In view of the clear legislative intent, Title VI of the Civil Rights Act of 1964, 42 U.S.C.S. § 2000d, must be held to proscribe only those racial classifications that would violate the Equal Protection Clause or the U.S. Const. amend. V.
A white male who had been denied admission to the medical school at the University of California at Davis for two consecutive years, instituted an action for declaratory and injunctive relief against the Regents of the University in the Superior Court of Yolo County, California, alleging the invalidity--under the equal protection clause of the Fourteenth Amendment, a provision of the California Constitution, and the proscription in Title VI of the Civil Rights Act of 1964 (42 USCS 2000d et seq.) against racial discrimination in any program receiving federal financial assistance--of the medical school's special admissions program under which only disadvantaged members of certain minority races were considered for 16 of the 100 places in each year's class.
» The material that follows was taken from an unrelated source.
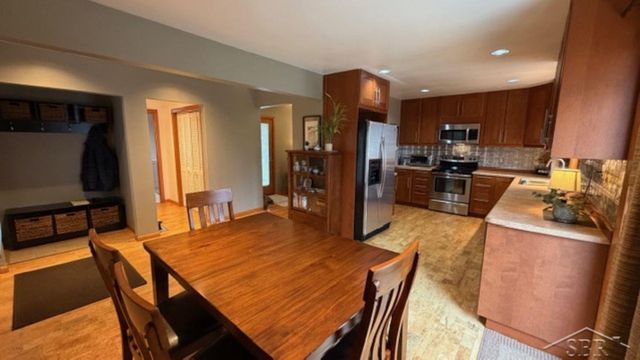 701 Airfield Lane, Midland, MI 48642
Did the University of California violate the Fourteenth Amendment's equal protection clause, and the Civil Rights Act of 1964?
The Court affirmed the holding that the University's special admissions program was unlawful and the order that the respondent, Bakke, be admitted to the medical school. The Court reversed that part of the judgment enjoining the University from any consideration of race in its admissions process. Race could be considered in admissions if it was factored in with other characteristics in a competitive process.